━━━ Material for this exercise ━━━

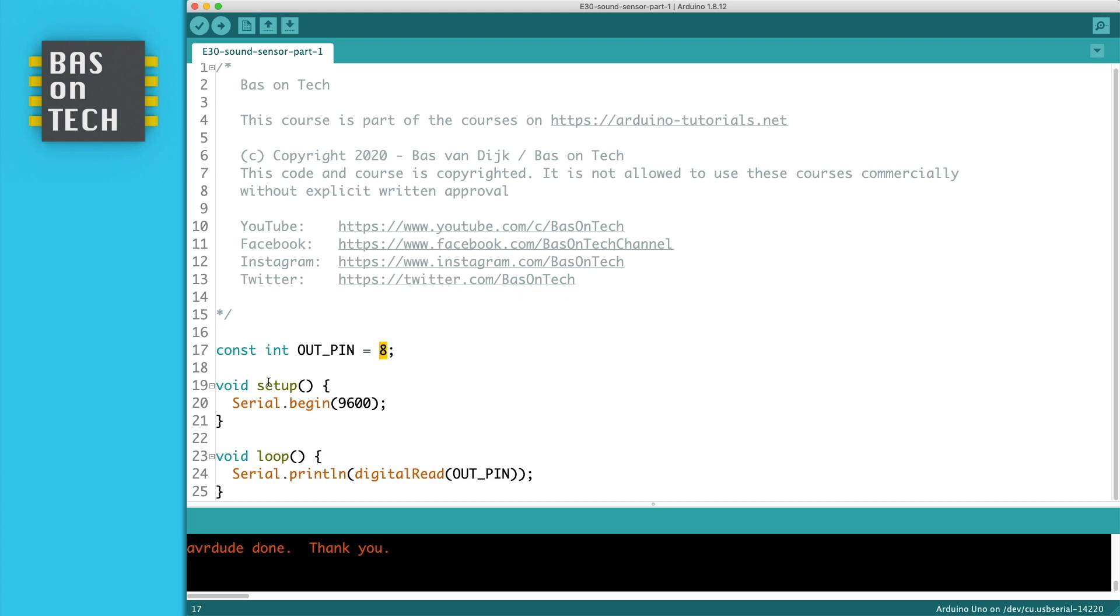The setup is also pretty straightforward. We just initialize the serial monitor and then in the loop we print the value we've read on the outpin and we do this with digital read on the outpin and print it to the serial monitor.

━━━
━━━ Material for this exercise ━━━

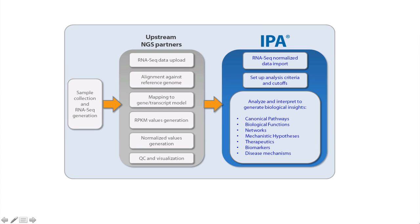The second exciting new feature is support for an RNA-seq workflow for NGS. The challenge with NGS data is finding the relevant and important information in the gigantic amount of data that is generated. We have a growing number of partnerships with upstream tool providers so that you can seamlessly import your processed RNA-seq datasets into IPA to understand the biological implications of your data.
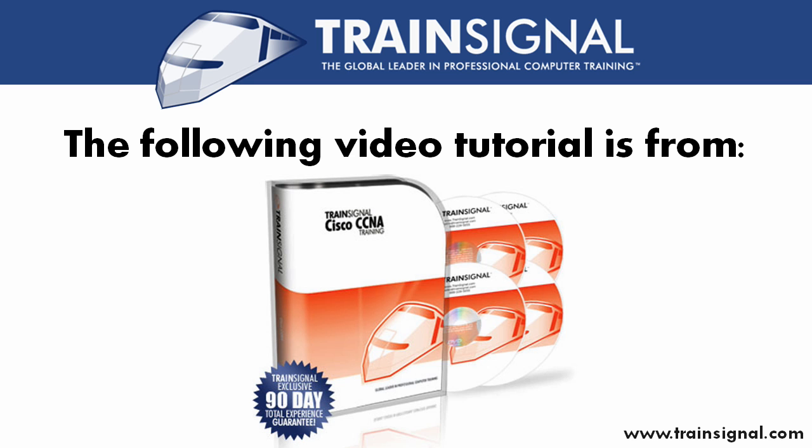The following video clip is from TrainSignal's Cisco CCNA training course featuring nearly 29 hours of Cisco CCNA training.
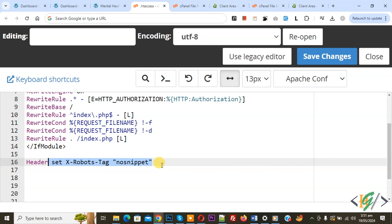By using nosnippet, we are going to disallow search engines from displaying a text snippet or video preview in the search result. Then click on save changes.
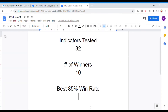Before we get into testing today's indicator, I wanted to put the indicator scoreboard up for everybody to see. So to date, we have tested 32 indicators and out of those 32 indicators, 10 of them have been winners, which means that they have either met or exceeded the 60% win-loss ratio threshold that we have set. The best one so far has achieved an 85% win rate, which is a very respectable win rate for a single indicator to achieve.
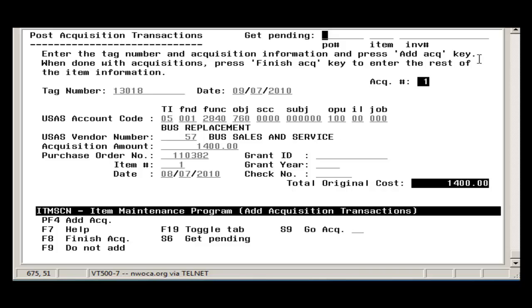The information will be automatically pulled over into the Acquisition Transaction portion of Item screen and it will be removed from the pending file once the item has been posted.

━━━
━━━ Material for this exercise ━━━

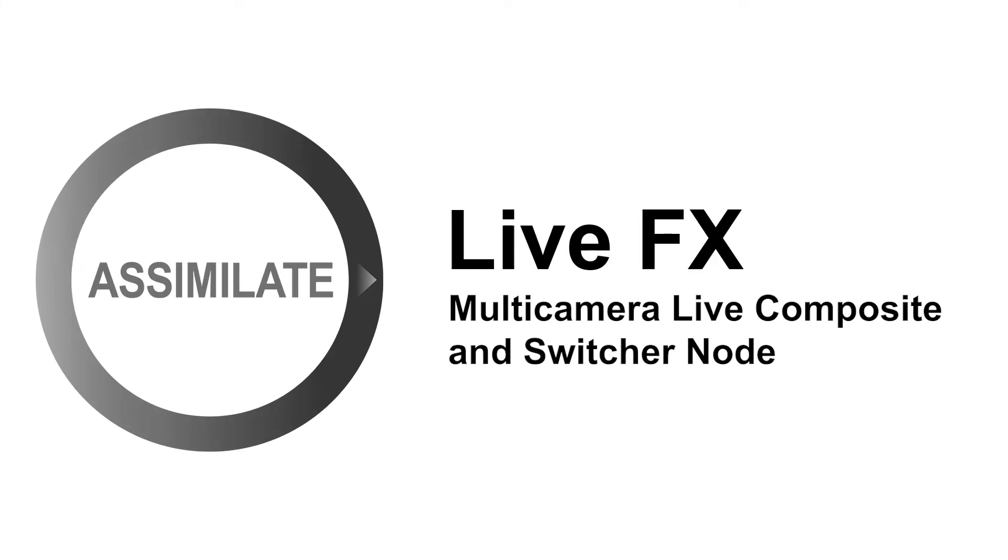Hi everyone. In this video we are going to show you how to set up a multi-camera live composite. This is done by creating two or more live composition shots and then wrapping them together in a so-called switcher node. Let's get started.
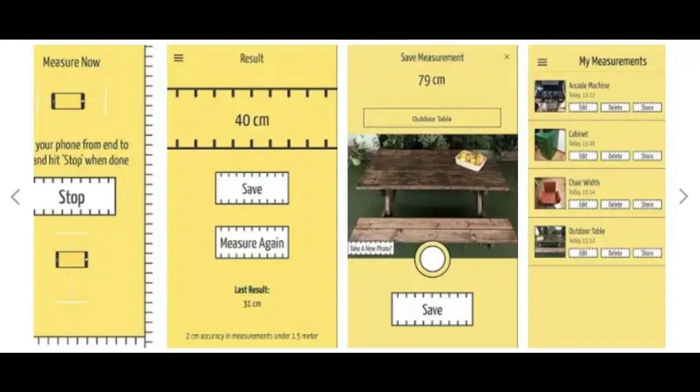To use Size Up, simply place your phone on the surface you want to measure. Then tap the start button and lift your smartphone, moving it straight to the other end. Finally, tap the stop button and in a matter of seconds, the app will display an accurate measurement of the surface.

━━━

**Prompt:**
Quote the lines above exactly, starting with the one that has "The following video" and ending with the one that has "The information will"; drop the pictures and include nothing else.

**The completed task:**
The following video clip is from TrainSignal's Cisco CCNA training course featuring nearly 29 hours of Cisco CCNA training.
By using nosnippet, we are going to disallow search engines from displaying a text snippet or video preview in the search result. Then click on save changes.
Before we get into testing today's indicator, I wanted to put the indicator scoreboard up for everybody to see. So to date, we have tested 32 indicators and out of those 32 indicators, 10 of them have been winners, which means that they have either met or exceeded the 60% win-loss ratio threshold that we have set. The best one so far has achieved an 85% win rate, which is a very respectable win rate for a single indicator to achieve.
The information will be automatically pulled over into the Acquisition Transaction portion of Item screen and it will be removed from the pending file once the item has been posted.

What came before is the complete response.